Twenty-two years later, Bay Village police and the FBI are still searching for the person who killed 10-year-old Amy Mihaljevic, whose body was found along a rural Ashland County road.
CLEVELAND - Before being sentenced to prison Tuesday, Frank Dienes had to sit handcuffed in the courtroom with three deputies at his side and listen to family members of the man he killed talk about the pain of losing a loved one at the hands of a murderer.
Dienes also made a statement before being sentenced to life in prison with eligibility of parole after 16 years.
Dienes, 45, pleaded guilty last week to murdering Joe Kopp by shooting Kopp in the back of the head and burying Kopp's body in the back yard of Dienes' Seven Hills home.
Joe Kopp's brother Paul made a victim impact statement telling Judge John Russo that Joe had a mental health disorder, that Joe "lived on the fringes of society but always put helping others first."
Paul Kopp told Dienes, "You took him in because you thought you could help him, but when you found out he was hard to live with you discarded him like a failed experiment."
Paul Kopp told the court this case has taught him the difference between "emotional conflict and someone with a calous heart."
Kopp's sister Kathy Kopp Green told the court that while her brother Joe was misunderstood he was generous. Green told Dienes that claiming self defense before confessing to murder was "insulting and deceitful."
Green said her family is heartbroken by losing Joe.
Frank Dienes stood and made a statement saying, "I am so sorry to the Kopp family my actions were inexcusable and I'm extremely remorseful." Dienes said.
Judge John Russo told Dienes that Dienes committed the worst case of malingering he has seen in more than 20 years on the bench.
Judge Russo said Dienes faked a mental health issue in a weak attempt to set up a defense saying Dienes' courtroom antics have been "laced with calculated manipulation and like a lab rat backed into a corner you took the only way out when you had no where to go."
Judge Russo told Dienes that faking a mental health issue "trivializes" those who are living with mental health issues and are being treated by doctors.
Judge Russo then made it official and sentenced Dienes to life in prison with the eligibility of parole after 16 years per the plea agreement.
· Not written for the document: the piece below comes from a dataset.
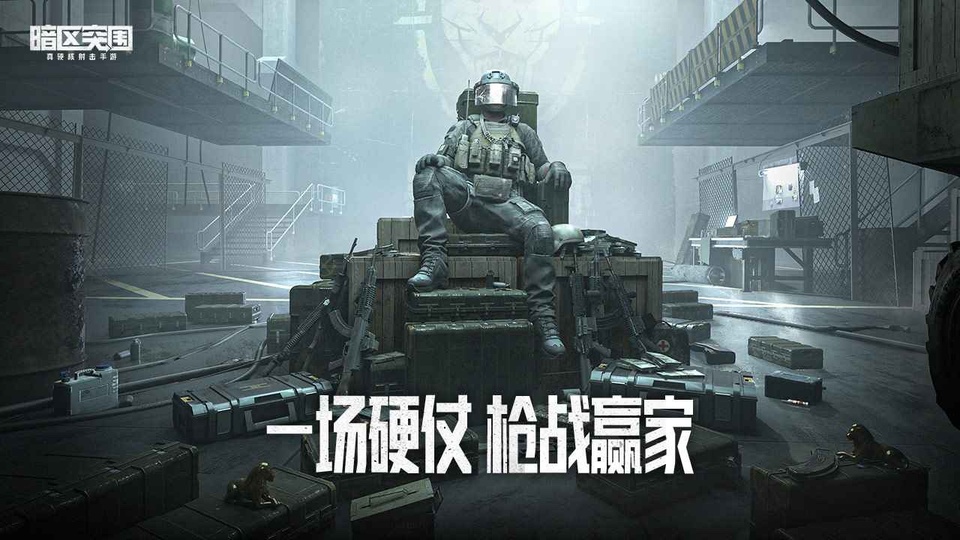暗区突围先锋服截图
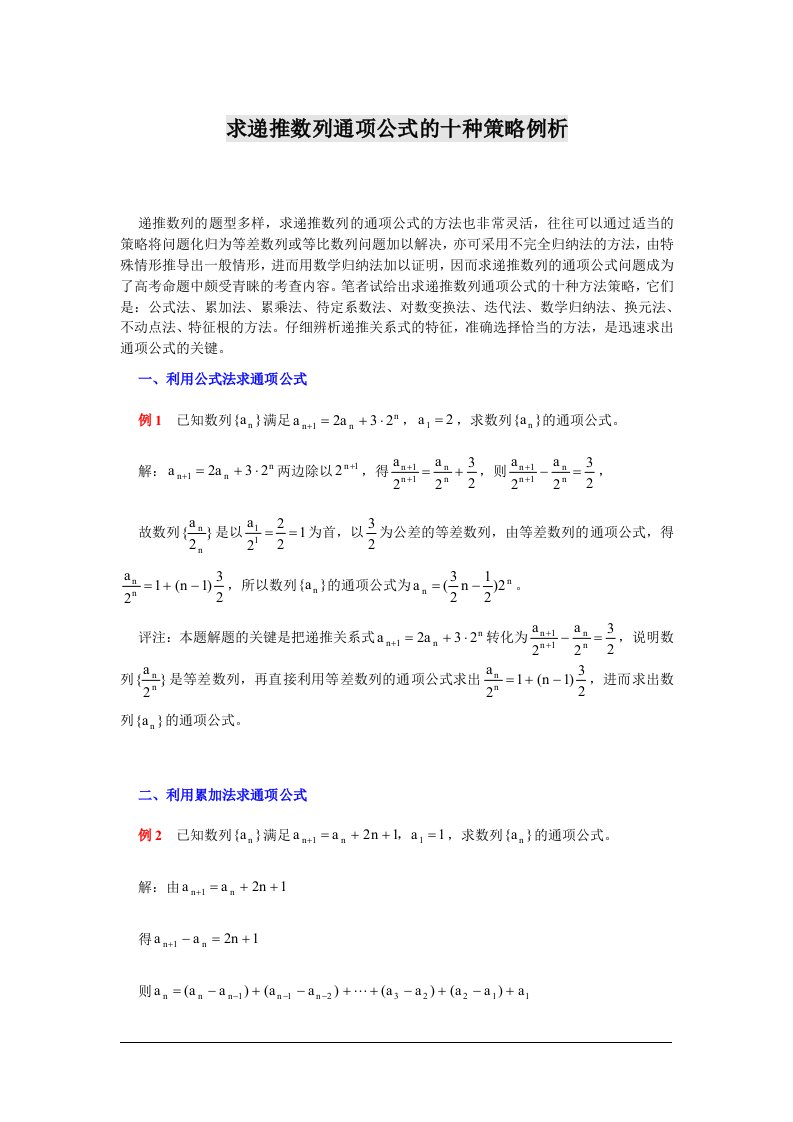 求递推数列通项公式的十种策略例析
Dienes was to go on trial Nov. 14 for aggravated murder. Instead, he pleaded guilty to a lesser charge of murder.
Seven Hills police said Dienes shot and killed Kopp, who was living in the Dienes' renovated garage.
Police said Dienes buried Kopp's body in Dienes' back yard last March, but didn't tell his wife until a month later. His wife, Char, told caretaker and family friend Nicole Alexander, who immediately told police.
Kopp and Frank Dienes were neighbors who became friends in Seven Hills 20 years earlier. For years, Kopp told people that he believed Dienes killed Amy Mihaljevic. Mihaljevic was abducted from a shopping plaza in Bay Village after school in 1989 and her body was found that winter in an Ashland County field by a jogger.
Dienes' attorney previously said Kopp was cleared in the Mihaljevic case but Bay Village Police said they would like to question Dienes again.
When felons are sent to prison the state collects DNA samples to cross check if the felon is related to any unsolved crimes.